On top of those three detailed accounts of Perelman's proof, there have been more recent developments. Terry Tao mentions the recent survey by Richard Bamler. Moishe Kohan mentions Kleiner and Lott's Geometrization of Three-Dimensional Orbifolds via Ricci Flow and Bamler and Kleiner's proof of the Generalized Smale Conjecture. So contrary to the impression you might form from what Yau said, the community is indeed continuing to milk Perelman's ideas and apply them to solving new problems. If there are specific technical points which Yau thinks are obscure, I am sure that other researchers would be happy to address them if Yau were to spell them out explicitly. Until then, there is no credible reason to doubt the fundamental correctness of Perelman's arguments.
Best Answer
Most likely, this is just misremembering (or misattribution).
In his math writing Thurston did not make any predictions regarding what approach to the Geometrization Conjecture (GC) will be successful. I did not hear him making such predictions in his math lectures (but, of course, I heard only few), and I would be surprised if he did. What Thurston might have said to somebody privately, I do not know.

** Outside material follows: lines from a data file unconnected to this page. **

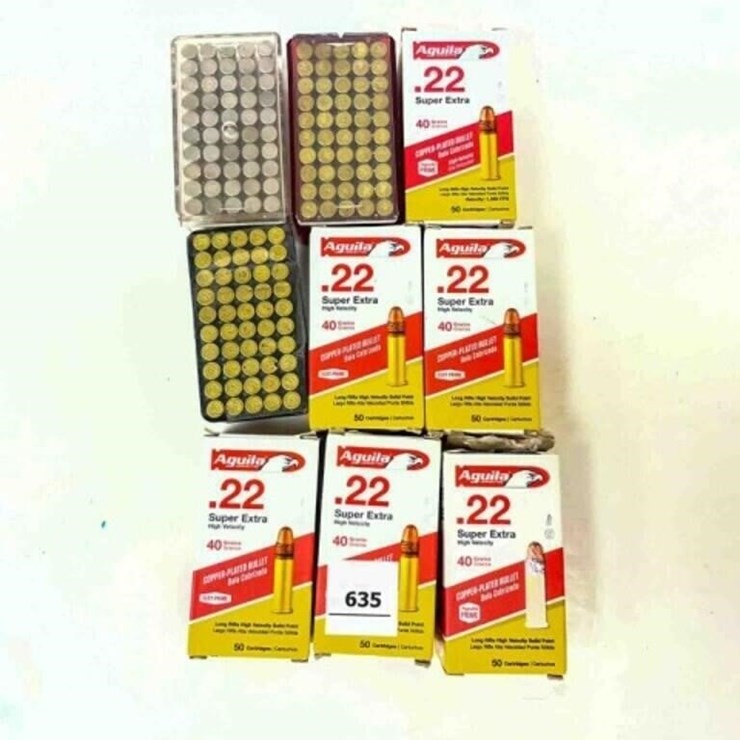 .22 LR ammo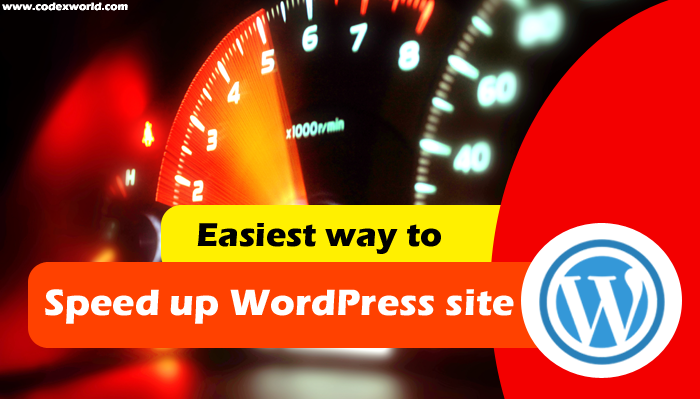 speed-up-wordpress-site-instantly-tutorial-by-codexworld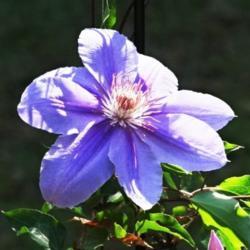 Location: Southeast Alabama
Date: 2020-04-01
Blooms are beautiful!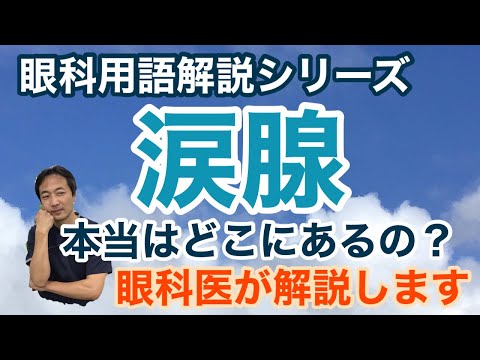 「涙腺」のお話【東戸塚　片桐眼科クリニック】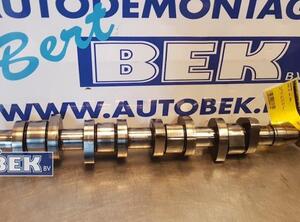 Camshaft AUDI A3 (8P1), AUDI A3 Sportback (8PA)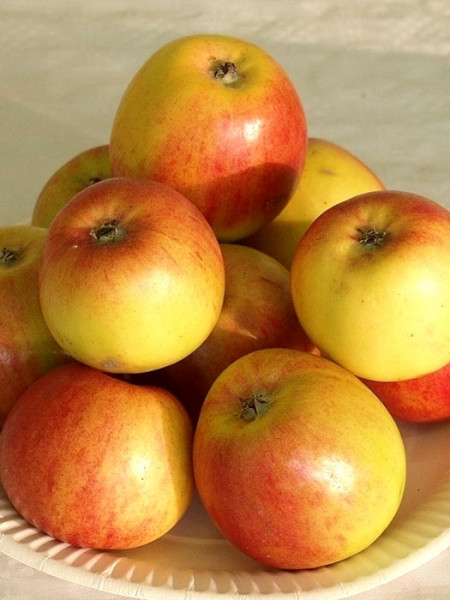 Der Apfel 'Geheimrat Oldenburg'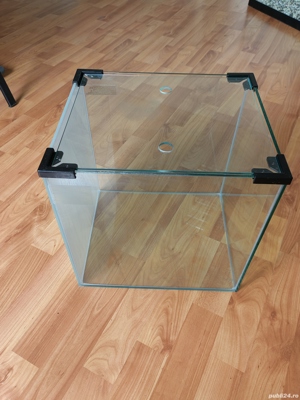 Acvarii Hobby  - imagine 4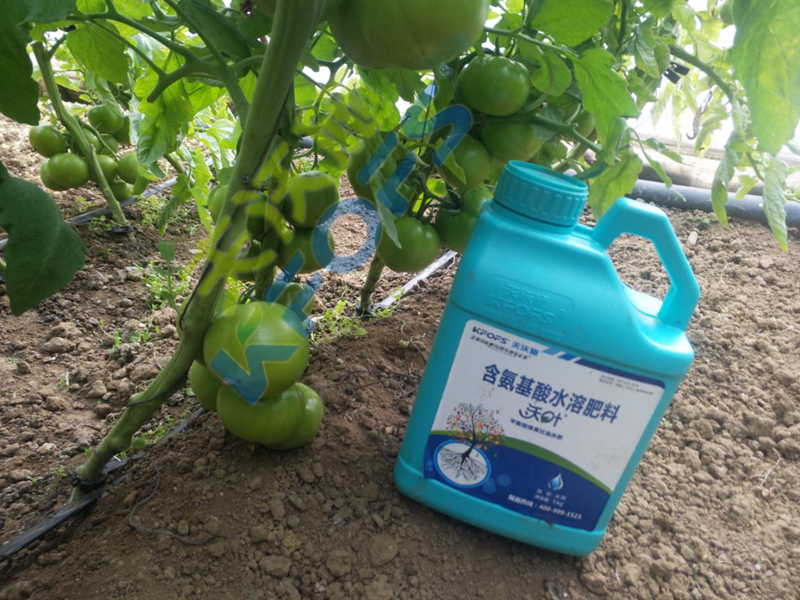 大棚蔬菜冬季用什么肥？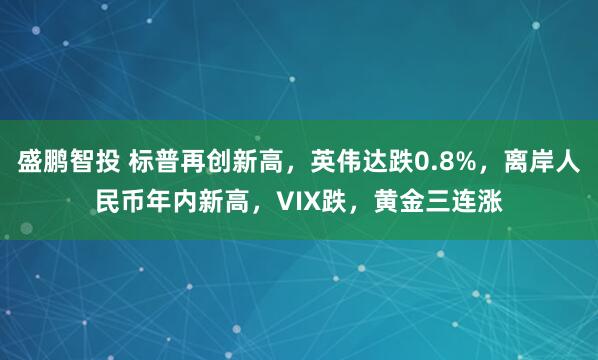 盛鹏智投 标普再创新高，英伟达跌0.8%，离岸人民币年内新高，VIX跌，黄金三连涨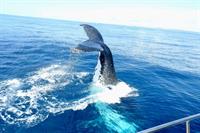 exclusive marine tourism business - 3
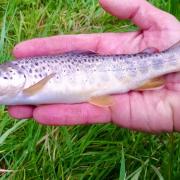 Damion Fryers beautifully marked wild Brown Trout from the River Otter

However, Thurston was well aware of the power of the Ricci Flow (RF) and in the early 1980s Thurston did write few pages with a sketch of the proof of the Orbifold Theorem which is the geometrization theorem for orientable irreducible orbifolds with nonempty orbifold locus:
W. P. Thurston, Three-manifolds with symmetry, preprint, Princeton University, 1982, 5 pages.
One of the steps of the proof was an application of Hamilton's 1982 result on manifolds of positive curvature (proven via RF, of course). A proof of the Orbifold Theorem was given later on in a work by Boileau, Leeb and Porti (broadly speaking, their proof follows Thurston's outline), shortly before appearance of Perelman's preprints. A bit different proof was later given in a work of Cooper, Hodgson and Kerckhoff. Both proofs use Hamilton's theorem at some point, as Thurston suggested.
Kapovich, Michael, Hyperbolic manifolds and discrete groups, Progress in Mathematics (Boston, Mass.). 183. Boston, MA: Birkhäuser. xxv, 467 p. (2001). ZBL0958.57001.
I summarized several known approaches to the GC. Two approaches were differential-geometric (RF and the Mike Anderson's approach), one was via min-volume (a combination of differential and Alexandrov geometry) and one was coarse geometric (to the "hyperbolic part" of the conjecture). At the time, it was quite possible that the GC will be proven in a piece-meal fashion with one proof of the hyperbolization conjecture, another for the Poincare Conjecture and yet another for Spherical Space Forms Conjecture.